> _RECORDED INFORMATION_:
+---+

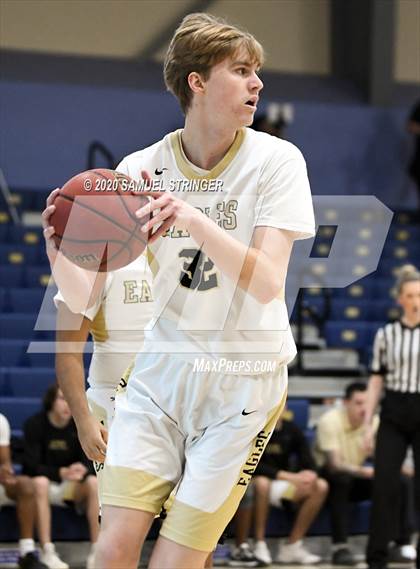 Thumbnail 2 in Inderkum vs. Enochs (MLK Showcase) photogallery.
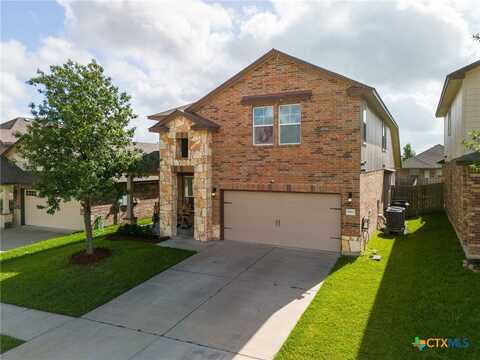 9512 Raeburn Court, Killeen, TX 76542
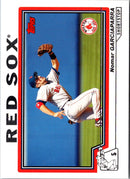2003 Topps Total Nomar Garciaparra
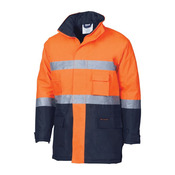 HiVis D/N Two Tone Parka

+---+

> _EXERCISE DETAILS_: Could you restate all of the data above word for word and skip every picture?

> _TASK OUTPUT_:
 Thumbnail 2 in Inderkum vs. Enochs (MLK Showcase) photogallery.
 9512 Raeburn Court, Killeen, TX 76542
2003 Topps Total Nomar Garciaparra
 HiVis D/N Two Tone Parka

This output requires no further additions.